Quel
immense plaisir - et quoi de plus logique - que de compter parmi les
auteurs de Vaison la nouvelle invite le Polar LE spécialiste des
nouvelles policières en France. Marc Villard fait partie des
romanciers de la génération Gallimard des années quatre-vingt
(bien qu'il fût aussi édité chez Rivages à cette époque), au
même titre que Pouy, Daeninckx ou Pennac, avec Corvette de
nuit (1981), Ballon
mort (1984), Le
sentier de la guerre (1985),
Rebelles de la nuit
(1987) et La dame est une trainée
(1989).
Avant
le polar, cet éternel adolescent à l'humour sophistiqué, qui
cultive brillamment le ridicule, a été poète dans les années
soixante-dix (sa première publication en 1971 sera d'ailleurs un
recueil de poèmes). Il est graphiste, musicien, passionné de jazz
et de rock, scénariste pour l'audiovisuel et la BD.
"Durant
les dix premières années où je me suis penché sur l’écriture,
j’ai travaillé uniquement dans la
poésie, j’ai publié six recueils de poèmes et je me suis aperçu
au bout d’un certain temps que la poésie
ne m’apportait plus grand-chose.
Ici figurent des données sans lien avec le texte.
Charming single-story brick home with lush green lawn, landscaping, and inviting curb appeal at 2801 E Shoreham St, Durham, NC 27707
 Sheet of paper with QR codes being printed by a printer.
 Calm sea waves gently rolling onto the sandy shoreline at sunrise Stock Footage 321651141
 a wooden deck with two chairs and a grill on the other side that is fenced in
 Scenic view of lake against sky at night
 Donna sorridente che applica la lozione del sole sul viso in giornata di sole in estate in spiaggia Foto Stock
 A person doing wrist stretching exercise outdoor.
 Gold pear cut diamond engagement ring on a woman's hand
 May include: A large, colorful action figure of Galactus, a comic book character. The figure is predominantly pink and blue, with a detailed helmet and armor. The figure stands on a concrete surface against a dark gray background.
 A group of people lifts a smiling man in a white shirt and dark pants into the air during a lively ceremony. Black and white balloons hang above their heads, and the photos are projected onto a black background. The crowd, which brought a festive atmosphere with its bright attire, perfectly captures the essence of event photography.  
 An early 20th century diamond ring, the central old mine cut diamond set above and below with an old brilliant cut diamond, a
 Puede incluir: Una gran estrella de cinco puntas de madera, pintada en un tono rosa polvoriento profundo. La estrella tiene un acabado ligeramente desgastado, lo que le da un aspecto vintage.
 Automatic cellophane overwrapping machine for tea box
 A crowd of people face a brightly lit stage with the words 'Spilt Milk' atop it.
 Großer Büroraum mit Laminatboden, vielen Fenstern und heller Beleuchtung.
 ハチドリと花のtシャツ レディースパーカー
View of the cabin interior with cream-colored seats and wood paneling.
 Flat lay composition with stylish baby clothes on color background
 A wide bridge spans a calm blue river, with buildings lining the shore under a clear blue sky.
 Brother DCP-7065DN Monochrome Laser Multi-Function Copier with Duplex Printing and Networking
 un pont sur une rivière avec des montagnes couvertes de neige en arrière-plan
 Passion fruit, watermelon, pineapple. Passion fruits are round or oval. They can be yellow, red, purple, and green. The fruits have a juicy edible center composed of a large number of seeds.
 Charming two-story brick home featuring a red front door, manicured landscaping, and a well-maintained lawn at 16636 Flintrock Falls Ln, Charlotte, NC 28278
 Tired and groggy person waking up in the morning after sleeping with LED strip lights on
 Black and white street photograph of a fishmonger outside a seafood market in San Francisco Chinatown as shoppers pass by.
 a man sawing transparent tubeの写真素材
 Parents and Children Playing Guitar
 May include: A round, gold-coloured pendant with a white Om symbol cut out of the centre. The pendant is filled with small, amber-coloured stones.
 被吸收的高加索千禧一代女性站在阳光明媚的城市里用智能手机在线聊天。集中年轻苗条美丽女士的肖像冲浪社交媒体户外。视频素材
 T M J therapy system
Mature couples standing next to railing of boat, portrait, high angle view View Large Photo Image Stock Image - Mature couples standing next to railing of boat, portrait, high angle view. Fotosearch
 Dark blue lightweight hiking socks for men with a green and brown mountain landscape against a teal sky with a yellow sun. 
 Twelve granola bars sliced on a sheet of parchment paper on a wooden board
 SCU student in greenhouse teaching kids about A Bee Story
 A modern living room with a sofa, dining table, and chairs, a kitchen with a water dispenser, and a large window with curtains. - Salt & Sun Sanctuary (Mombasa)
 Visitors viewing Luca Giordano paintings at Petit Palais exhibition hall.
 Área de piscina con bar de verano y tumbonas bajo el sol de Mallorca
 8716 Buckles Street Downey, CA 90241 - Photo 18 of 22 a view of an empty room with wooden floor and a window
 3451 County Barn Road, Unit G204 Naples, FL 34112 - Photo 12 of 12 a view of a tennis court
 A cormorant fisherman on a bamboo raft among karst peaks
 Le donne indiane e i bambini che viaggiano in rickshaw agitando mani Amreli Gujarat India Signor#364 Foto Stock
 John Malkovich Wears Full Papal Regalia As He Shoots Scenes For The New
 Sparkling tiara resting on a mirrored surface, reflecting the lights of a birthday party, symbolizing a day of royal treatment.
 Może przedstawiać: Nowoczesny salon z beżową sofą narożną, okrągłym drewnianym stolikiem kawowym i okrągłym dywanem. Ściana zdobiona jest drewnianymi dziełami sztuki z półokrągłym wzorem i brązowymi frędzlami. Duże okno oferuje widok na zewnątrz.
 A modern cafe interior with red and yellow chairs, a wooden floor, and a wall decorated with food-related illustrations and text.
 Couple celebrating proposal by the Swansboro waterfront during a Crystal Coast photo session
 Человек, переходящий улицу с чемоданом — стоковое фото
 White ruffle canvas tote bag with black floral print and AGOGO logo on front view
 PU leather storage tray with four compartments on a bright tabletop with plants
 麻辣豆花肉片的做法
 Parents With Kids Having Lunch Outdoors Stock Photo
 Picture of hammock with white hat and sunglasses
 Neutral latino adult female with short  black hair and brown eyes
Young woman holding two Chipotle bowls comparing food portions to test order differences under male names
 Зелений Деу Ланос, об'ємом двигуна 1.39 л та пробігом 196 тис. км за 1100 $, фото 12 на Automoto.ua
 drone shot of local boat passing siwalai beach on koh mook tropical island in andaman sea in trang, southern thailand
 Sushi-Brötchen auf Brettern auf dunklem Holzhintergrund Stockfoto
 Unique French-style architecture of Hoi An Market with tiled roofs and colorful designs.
Je m’y intéressais encore, mais
plus en tant qu’écrivain. J’ai
eu alors envie de passer à la fiction. Comme j’étais moi-même
lecteur de polars, tout naturellement
je me suis dirigé vers le roman noir, le roman policier noir… et,
en fait, je n’ai pas eu trop
envie d’en sortir. Je trouve que dans le roman policier on a une
énorme liberté, la critique traditionnelle
n’a pas les yeux braqués sur nous et on peut se permettre
d’aborder des sujets, des thèmes,
qu’on aurait des difficultés à faire passer en littérature
générale. J’aime assez ça… De
plus, sur le plan stylistique, on ne m’a jamais rien imposé, cela me permet de temps en
temps d’essayer des expériences stylistiques sur des textes
courts, des nouvelles; ce qui me serait
certainement reproché ailleurs."
Depuis
une vingtaine d'années, l'auteur écrit moins de romans (toujours
aussi savoureux, La porte de derrière , 1993, ou La
guitare de Bo Diddley, 2003, dont il tirera une BD en 2009 avec
Jean-Christophe Chauzy ...), mais nous offre régulièrement des
recueils de nouvelles dont les textes ont tous pour point commun la
qualité. Pour ne citer qu'eux, Rouge est ma couleur, 1996
(adapté également en BD avec Chauzy, 2005), Gangsta rap,
2000, Personne n'en sortira vivant, 2003 ou plus récemment, I
remember Clifford et Un ange passe à Memphis (2012).
Un
des faits marquants des années 2000 est un coup de génie qui débute
en 2005, avec la sortie d'un recueil de 25 nouvelles rédigé à
quatre mains avec Jean-Bernard Pouy, Ping-pong : Marc a écrit
treize nouvelles disposées dans un certain ordre et confiées à
l'homme qui retrouva les cinq âmes perdues de Thompson (le Sieur
Pouy) ... qui devra les lier par douze nouveaux textes. On prend les
mêmes et on recommence en 2008, avec Tohu-bohu : les deux
compères écrivent chacun de leur côté six nouvelles, à charge
pour l'autre de sampler chaque texte. 2010, c'est au tour de Zigzag
de paraître : Villard dresse pour Pouy une liste de ses dix thèmes
habituels. Jean-Bernard en fait de même pour Marc et chacun écrit
dix nouvelles avec les thèmes de l'autre. Trois ouvrages
indispensables dans la bibliothèque idéale.
On
retrouve dans l'oeuvre de l'auteur des sujets qui lui sont chers :
les paumés, les laissés-pour-compte, les arnaqueurs, les petits
truands, les éducateurs de rue (Tramson), la ville (Paris et Barbès,
Naples, Barcelone ...), la musique (jazz, rock) ... des thèmes qui
constituent une grande partie de ce que l'on aime retrouver dans le
Noir.
Ecrire
des nouvelles est un exercice délicat, où chaque phrase doit être
ciselée avec une infinie précision, chaque mot pesé doit
judicieusement trouver sa place dans un texte calibré, et ce n'est
pas par hasard si Marc, le poète, excelle dans cet art.